José Tomás ha cumplido 50 años de edad. Al llegar al quinto piso, se ve complicado que siga toreando de luces. De hecho, sus actuaciones en los últimos años han sido esporádicas. Al guardarse durante mucho tiempo, al recluirse como un ermitaño, logró hacerse deseable y aumentar su tirón de taquilla.
Existe un antes y un después en la carrera del espada de Galapagar. El 24 de abril de 2010 recibió la gravísima cornada que lo puso al borde de la muerte por parte del toro “Navegante” de la ganadería de Pepe Garfias.
Fueron momentos dramáticos en la enfermería de la Monumental de Aguascalientes. La noticia corrió a gran velocidad. El pitón astifino fue certero, seccionando en un instante la vena femoral. Sereno, imperturbable, las manchas rojas del drama en su taleguilla. Un chisguete de sangre oscura manaba del muslo, convertido en potente grifo.
Los santos óleos, un cuerpo exangüe en artículo mortis, la segadora luz blanca de la agonía. Más sangre derramada, como si no fuera suficiente la vertida por Ignacio Sánchez Mejías en el cuaderno de Lorca. Cinco años después reapareció en son de triunfo ahí mismo en Aguascalientes.
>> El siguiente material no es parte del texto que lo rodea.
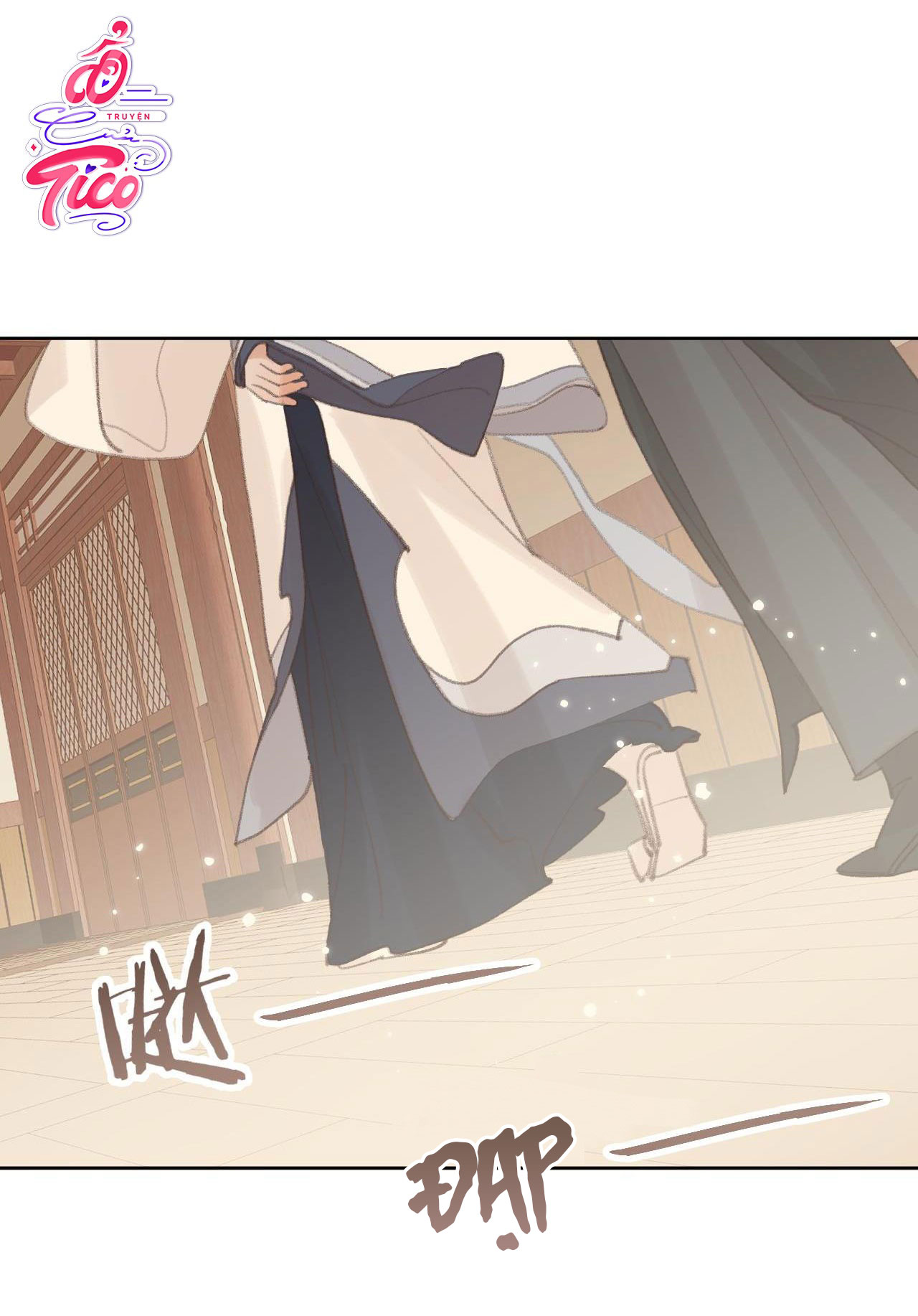 tôi lắng nghe thanh tôn chủ gọi chapter 26 22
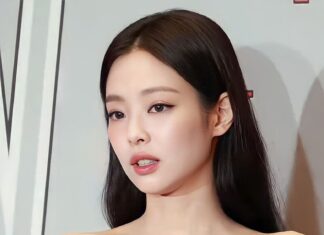 The Secret to Jennie’s (BLACKPINK) Flawless Skin: Her Shower Companion
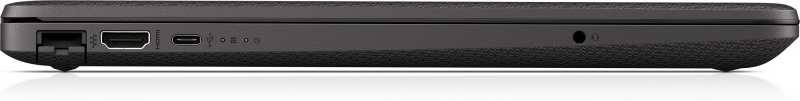 Уцененный товар Ноутбук HP 255 G9 (5Y3X5EA) R5-5625U 2.3GHz,15.6" FHD (1920x1080) AG SVA,8Gb DDR4(1),512Gb SSD,41Wh,FPR,1.74kg,1y,Dark Ash Silver,Dos 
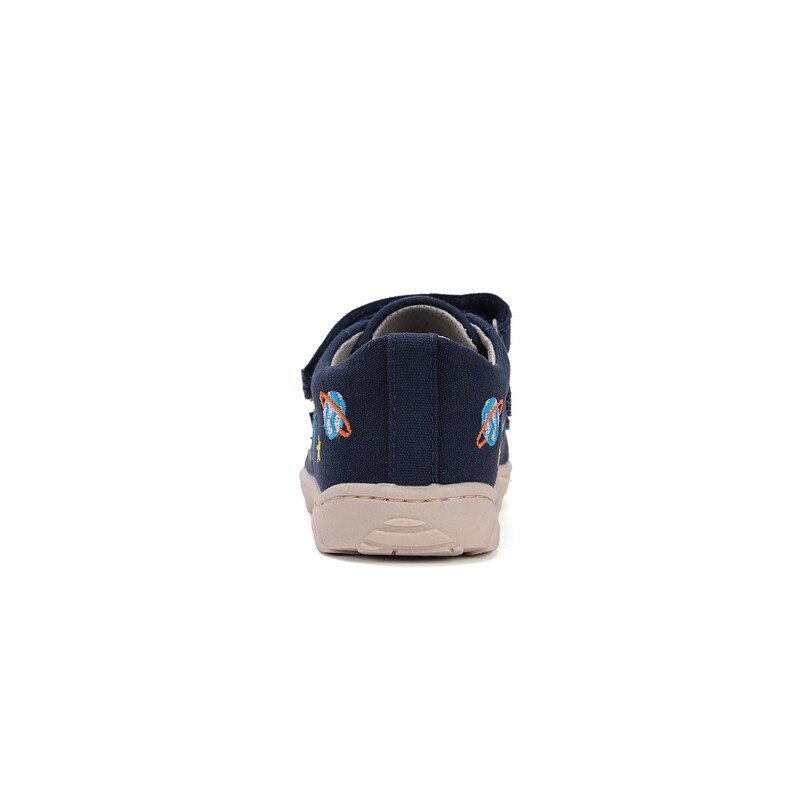 Barefoot canvas batai 20-25 d. C077-51663A 3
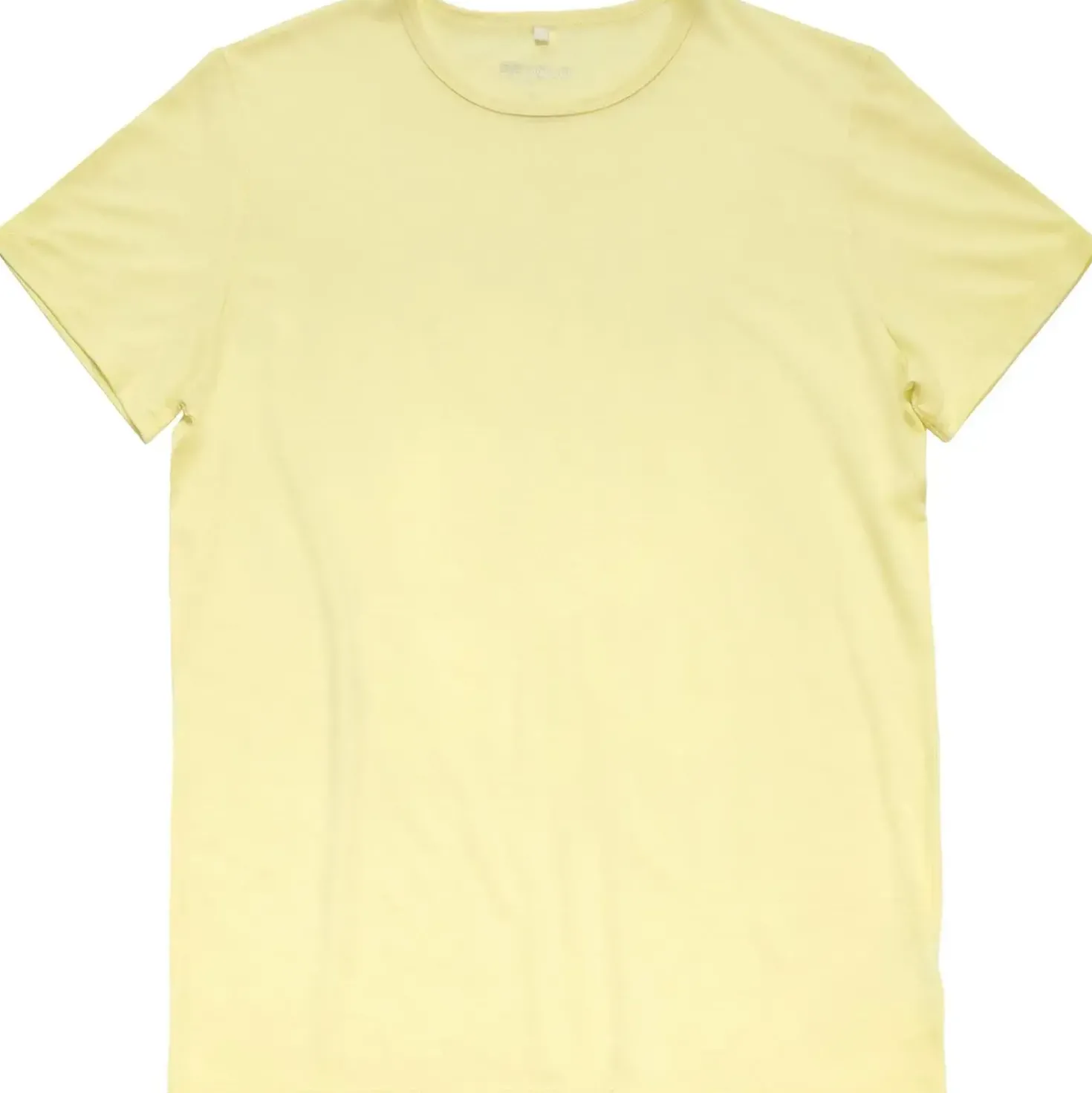 Devold Mens Active Stamp Tee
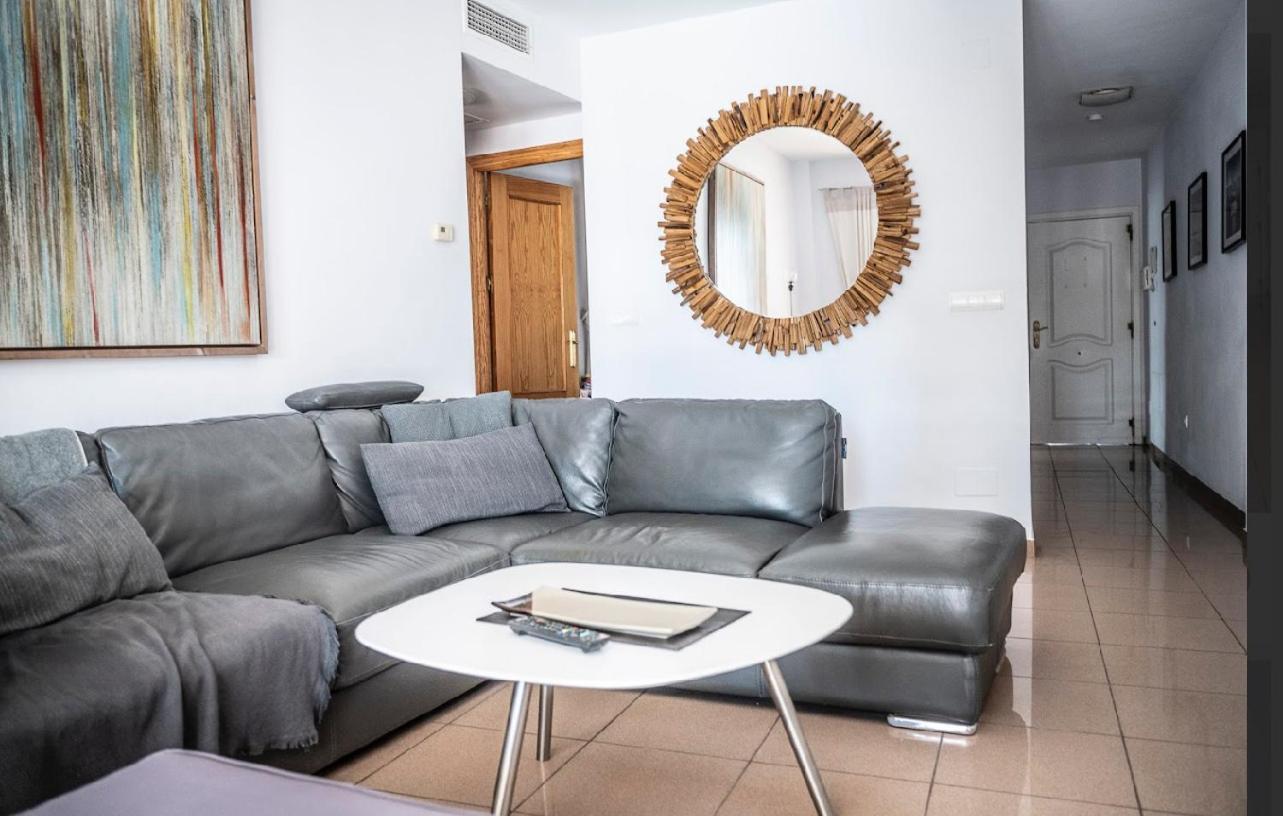 Burriana Playa Appartamento *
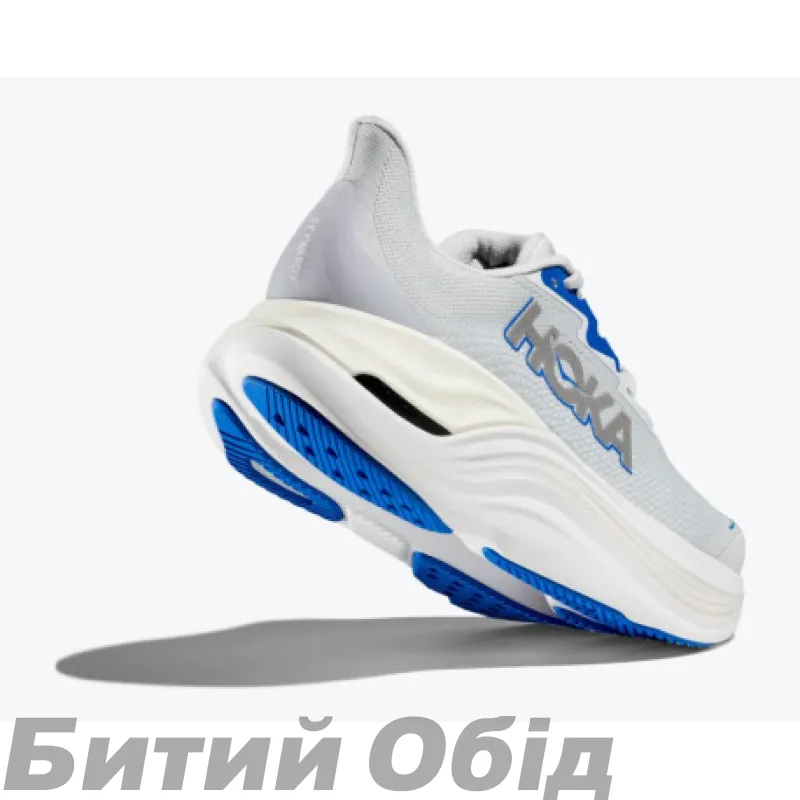 Кросівки HOKA M SKYWARD X CRYS 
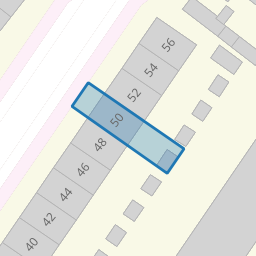 Perceel WSN01-B-8005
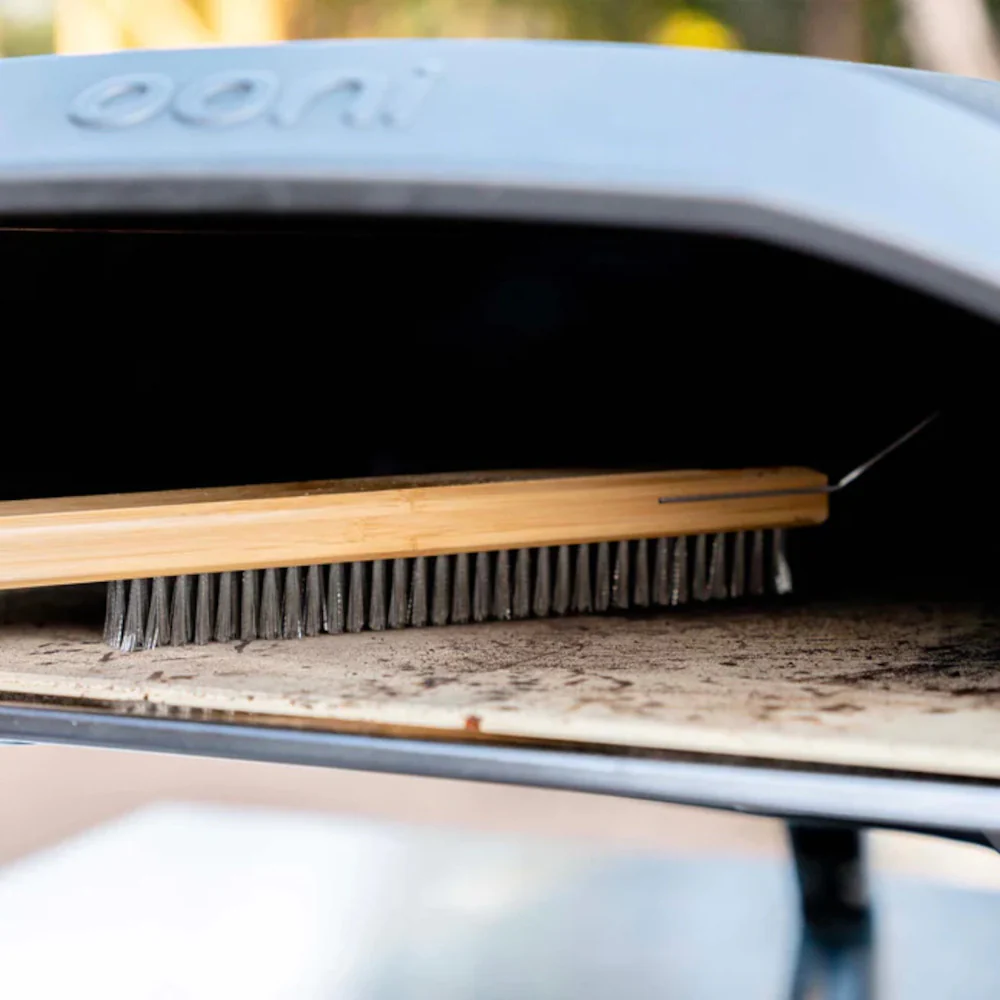 Ooni Pizza Oven Brush - Image 5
Tomás tiene asegurado un lugar importantísimo en la historia del toreo. Ha sido el arte como drama, la personalidad acusada, el estilo solemne, el placer por arrimarse, la descarga de adrenalina, la mínima distancia, la ventaja cedida al toro, el riesgo sin cortapisas, el destierro de los ventajismos, el toreo-verdad, la máxima emoción, la inminencia de la cornada, la enemistad con la victimización, el control del miedo a través del valor, el poder taquillero, el velo del misterio, la repulsa a la televisión, el rechazo a las entrevistas, el alejamiento para hacerse deseable, la consigna de nunca retroceder, la dignificación de la profesión.